Because thats how one starts. Also in my opinion, the variant using Enum.group_by/2, Enum.map/2 and Enum.sum/1 reads much better, as it shows clearly the intend.
Your variant looks very obfuscated on the untrained eyes and needs a lot of brainwork to get deciphered.
But yes, perhaps I’d end up with your variant as well, once the many iterations using group_by have been identified as a bottleneck.
Because thats how one starts. Also in my opinion, the variant using Enum.group_by/2 , Enum.map/2 and Enum.sum/1 reads much better, as it shows clearly the intend.
Your variant looks very obfuscated on the untrained eyes and needs a lot of brainwork to get deciphered.
Fair point, although perhaps it could be argued that intent can be shown via naming. In production code I’d naturally split it into private functions with descriptive names.
I think the issue is how many people are introduced these days to higher order functions - by mapping over an array.

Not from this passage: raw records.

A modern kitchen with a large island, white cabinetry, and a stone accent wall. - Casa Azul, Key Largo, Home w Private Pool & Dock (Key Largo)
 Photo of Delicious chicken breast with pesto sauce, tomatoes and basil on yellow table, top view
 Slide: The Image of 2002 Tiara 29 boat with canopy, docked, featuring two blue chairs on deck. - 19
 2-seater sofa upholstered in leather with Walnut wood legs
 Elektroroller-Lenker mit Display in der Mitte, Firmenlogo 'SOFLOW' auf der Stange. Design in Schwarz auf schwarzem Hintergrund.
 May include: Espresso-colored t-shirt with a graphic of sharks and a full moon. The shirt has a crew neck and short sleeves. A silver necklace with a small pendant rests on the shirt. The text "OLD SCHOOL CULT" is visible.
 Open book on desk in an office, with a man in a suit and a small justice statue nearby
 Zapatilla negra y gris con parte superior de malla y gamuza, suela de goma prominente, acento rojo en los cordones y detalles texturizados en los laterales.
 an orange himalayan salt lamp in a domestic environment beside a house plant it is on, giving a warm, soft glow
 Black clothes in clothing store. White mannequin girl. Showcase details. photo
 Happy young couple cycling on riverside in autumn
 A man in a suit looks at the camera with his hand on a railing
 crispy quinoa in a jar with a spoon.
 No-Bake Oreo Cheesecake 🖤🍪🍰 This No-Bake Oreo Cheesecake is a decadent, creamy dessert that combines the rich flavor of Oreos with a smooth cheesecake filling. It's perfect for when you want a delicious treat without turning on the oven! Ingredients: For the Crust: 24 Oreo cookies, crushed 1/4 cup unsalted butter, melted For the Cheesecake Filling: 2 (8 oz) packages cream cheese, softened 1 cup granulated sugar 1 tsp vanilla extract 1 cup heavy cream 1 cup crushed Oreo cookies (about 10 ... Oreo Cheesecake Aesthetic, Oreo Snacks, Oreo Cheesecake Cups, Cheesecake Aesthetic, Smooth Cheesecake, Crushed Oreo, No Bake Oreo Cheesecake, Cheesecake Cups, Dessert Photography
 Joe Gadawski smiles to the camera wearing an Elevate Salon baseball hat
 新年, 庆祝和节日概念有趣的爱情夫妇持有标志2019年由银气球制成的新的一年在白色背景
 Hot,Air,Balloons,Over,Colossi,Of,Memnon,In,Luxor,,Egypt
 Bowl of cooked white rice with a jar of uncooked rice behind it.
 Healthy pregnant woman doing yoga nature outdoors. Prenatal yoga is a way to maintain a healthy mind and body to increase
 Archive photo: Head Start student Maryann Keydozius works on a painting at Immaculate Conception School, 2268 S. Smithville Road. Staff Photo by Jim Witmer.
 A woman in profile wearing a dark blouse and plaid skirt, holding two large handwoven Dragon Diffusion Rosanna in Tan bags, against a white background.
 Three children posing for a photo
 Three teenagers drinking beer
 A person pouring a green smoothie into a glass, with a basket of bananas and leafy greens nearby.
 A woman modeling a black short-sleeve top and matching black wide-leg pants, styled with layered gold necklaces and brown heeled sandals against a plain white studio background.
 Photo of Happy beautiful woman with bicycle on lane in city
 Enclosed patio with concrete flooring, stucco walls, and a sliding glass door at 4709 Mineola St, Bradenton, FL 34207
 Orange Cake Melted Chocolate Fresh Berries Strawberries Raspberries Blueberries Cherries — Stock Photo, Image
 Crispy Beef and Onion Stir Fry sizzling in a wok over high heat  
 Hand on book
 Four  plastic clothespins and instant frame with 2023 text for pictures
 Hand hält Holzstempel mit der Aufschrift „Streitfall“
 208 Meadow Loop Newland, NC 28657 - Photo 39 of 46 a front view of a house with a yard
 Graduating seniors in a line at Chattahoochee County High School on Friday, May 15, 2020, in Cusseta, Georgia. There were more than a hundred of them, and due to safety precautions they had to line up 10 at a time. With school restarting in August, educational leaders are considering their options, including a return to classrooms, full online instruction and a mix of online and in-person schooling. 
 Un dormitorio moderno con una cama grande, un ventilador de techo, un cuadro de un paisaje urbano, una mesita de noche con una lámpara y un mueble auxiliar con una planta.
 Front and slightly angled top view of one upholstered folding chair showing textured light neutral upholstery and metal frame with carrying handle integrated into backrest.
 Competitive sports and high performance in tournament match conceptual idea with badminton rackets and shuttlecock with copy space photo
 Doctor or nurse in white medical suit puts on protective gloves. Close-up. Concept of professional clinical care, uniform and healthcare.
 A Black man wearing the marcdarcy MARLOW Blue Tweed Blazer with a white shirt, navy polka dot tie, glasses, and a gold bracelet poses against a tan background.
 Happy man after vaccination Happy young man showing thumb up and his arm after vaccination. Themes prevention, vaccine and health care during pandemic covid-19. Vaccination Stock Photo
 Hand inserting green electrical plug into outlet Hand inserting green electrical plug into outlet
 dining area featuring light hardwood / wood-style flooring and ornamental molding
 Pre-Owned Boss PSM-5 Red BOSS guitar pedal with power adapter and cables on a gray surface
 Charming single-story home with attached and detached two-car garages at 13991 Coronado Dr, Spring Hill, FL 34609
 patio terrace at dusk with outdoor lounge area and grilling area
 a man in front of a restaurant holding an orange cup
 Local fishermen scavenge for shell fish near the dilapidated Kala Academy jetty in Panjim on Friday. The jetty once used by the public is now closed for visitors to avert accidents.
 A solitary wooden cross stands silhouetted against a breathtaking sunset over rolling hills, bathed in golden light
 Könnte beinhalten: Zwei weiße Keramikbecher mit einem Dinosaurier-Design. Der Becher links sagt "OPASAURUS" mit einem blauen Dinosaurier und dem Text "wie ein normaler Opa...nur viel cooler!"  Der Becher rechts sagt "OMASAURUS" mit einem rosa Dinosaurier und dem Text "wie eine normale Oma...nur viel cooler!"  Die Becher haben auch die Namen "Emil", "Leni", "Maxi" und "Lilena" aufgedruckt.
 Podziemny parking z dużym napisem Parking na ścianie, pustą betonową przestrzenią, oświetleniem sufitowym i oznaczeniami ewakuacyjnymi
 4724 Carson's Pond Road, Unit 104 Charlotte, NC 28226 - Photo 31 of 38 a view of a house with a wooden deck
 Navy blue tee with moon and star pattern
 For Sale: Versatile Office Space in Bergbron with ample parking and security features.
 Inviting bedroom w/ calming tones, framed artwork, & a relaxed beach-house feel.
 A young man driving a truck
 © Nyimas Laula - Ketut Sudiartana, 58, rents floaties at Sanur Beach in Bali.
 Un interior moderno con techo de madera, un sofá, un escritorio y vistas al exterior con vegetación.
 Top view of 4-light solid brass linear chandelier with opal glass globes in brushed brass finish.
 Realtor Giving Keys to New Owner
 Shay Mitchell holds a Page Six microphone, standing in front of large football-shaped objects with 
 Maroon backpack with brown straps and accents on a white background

That doesn’t help anybody appreciate the fundamental importance of reduce/foldl and in turn recursion.
In my experience one has to go through the training to see how everything relates, i.e.:
Processing lists with recursion
Implementing reduce/foldl through recursion
Implementing map and filter in terms of reduce
I find that only once it becomes clear how all of these relate one can more fully appreciate the flexibility of higher order functions (and the usefulness of reduce/foldl and recursion).
But throwing some one liner in front of the OPs feet without any explanation doesn’t help either.
That’s why I tried to push the OP gently towards a solution that works for now. Then we could have talked about it and perhaps optimise for speed, readability or memory consumption, whatever is necessary.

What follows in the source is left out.